More than £2.2m awarded to Leeds researchers to tackle cancer
Researchers in the Faculty of Medicine and Health at the University of Leeds have been awarded over £2.2million from Yorkshire Cancer Research.
The charity has announced investment of £3.6m in eight new research projects to help improve the prevention, diagnosis and treatment of cancer in Yorkshire. The projects at the University of Leeds include:
- £1.3m in a four-year programme of research that will improve the quality of palliative care in the region. Researchers at the University of Leeds’ Academic Unit of Palliative Care, led by Professor Michael Bennett, and at Hull York Medical School, led by Professor Fliss Murtagh, will investigate how and when patients access palliative care, introduce new measures to improve how symptoms are formally assessed and monitored, and equip clinical teams with resources and training to help them address those symptoms.

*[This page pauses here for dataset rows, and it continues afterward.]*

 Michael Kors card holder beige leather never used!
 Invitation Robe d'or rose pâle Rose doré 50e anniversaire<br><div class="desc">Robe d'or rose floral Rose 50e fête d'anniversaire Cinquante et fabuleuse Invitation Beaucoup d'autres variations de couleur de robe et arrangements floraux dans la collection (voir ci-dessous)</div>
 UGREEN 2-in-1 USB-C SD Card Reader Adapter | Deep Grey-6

- £357,000 in a project to help women with breast cancer reduce their risk of the disease returning. Researchers led by Dr Samuel Smith and Dr Christopher Graham at the Leeds Institute of Health Sciences will design and test a programme of therapy sessions to see if a psychological intervention can help increase the number of women who take hormonal therapies as prescribed to stop their cancer from coming back.

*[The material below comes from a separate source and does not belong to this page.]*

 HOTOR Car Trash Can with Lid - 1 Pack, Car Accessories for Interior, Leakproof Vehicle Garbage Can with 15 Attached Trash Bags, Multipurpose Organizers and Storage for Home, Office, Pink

- A £174,000 trial will test whether participation in cervical screening can be increased by sending women additional information and a help sheet. The trial, involving thousands of women aged 25-49 across Yorkshire, will be carried out by researchers at the University of Leeds’ School of Psychology and led by Professor Daryl O’Connor.
- Researchers at the University of Leeds’ Institute of Cancer and Pathology, led jointly by Dr Ane Appelt and Dr Simon Gollins and supported by a £394,000 investment, will carry out a phase II clinical trial of radiotherapy for early rectal cancer. The trial will test whether using a higher dose of radiotherapy can increase the number of patients whose cancer completely disappears following treatment with acceptable side-effects
Dr Kathryn Scott, Chief Executive at Yorkshire Cancer Research, said: “We are extremely proud to announce our latest research investment. The successful projects will address some incredibly important issues currently facing cancer patients in Yorkshire, including quality of life following diagnosis and how we can work to improve this.

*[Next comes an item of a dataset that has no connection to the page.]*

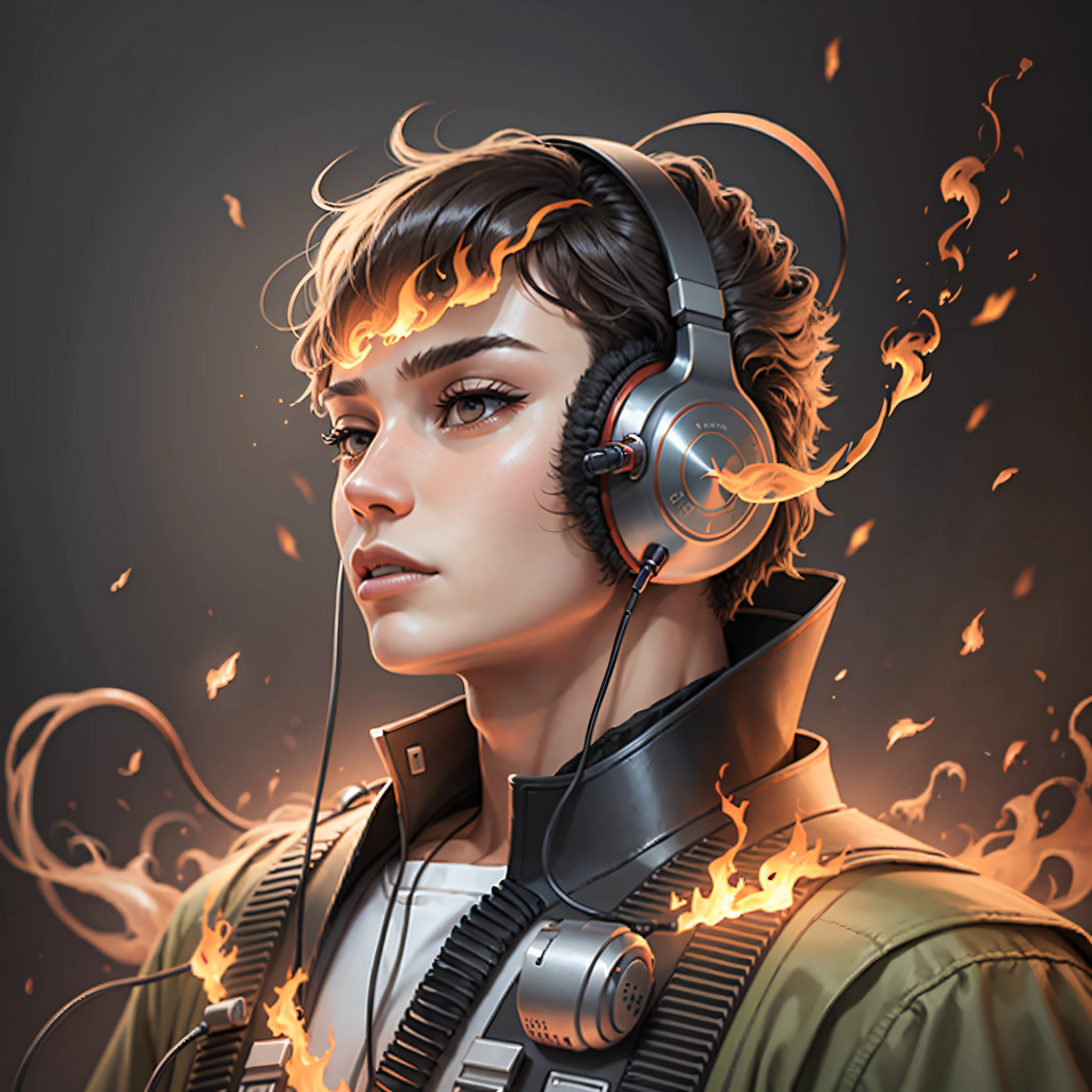 CLOSE FIRE MAN HEADPHONES HYPER REALISTIC EMPTY BACKGROUND --auto --s2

“The most exciting thing about these projects is that thousands of people and patients across the region will have the chance to share their knowledge and guide our researchers in finding solutions to problems they face in improving their health and accessing early diagnosis and the very best care.
“We’d like to thank the charity’s supporters throughout the region who have made this investment possible. From holding Yorkshire tea parties to running marathons, every penny they have raised has been vital in helping us bring this pioneering research to Yorkshire.”